#### [Exercise instructions]
Copy the data that follows exactly as it is, excluding all pictures.

#### [Information provided]
============
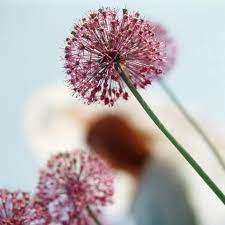 Giant Pink Onion Flowers Allium Giganteum Ornamental Onion Photographic Print Eising Studio Food Photo And Video Art Com In 2020 Onion Flower Flowers Photographic Print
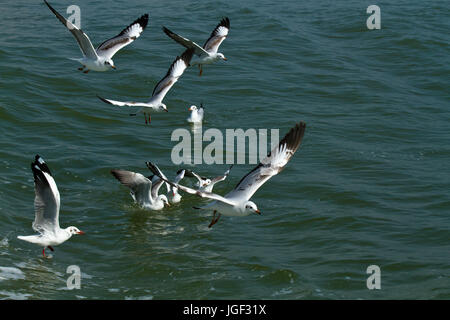 Eine Herde von Möwen fliegen über den Fluss Naf Gangchil genannt. Teknaf, Cox Bazar, Bangladesch Stockfoto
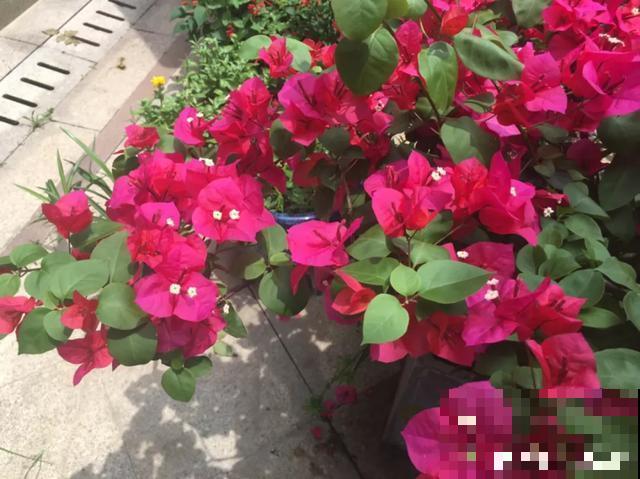 花出现黄叶打蔫，千万别扔，还能救回来！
============
#### [Solution]
 Giant Pink Onion Flowers Allium Giganteum Ornamental Onion Photographic Print Eising Studio Food Photo And Video Art Com In 2020 Onion Flower Flowers Photographic Print
 Eine Herde von Möwen fliegen über den Fluss Naf Gangchil genannt. Teknaf, Cox Bazar, Bangladesch Stockfoto
 花出现黄叶打蔫，千万别扔，还能救回来！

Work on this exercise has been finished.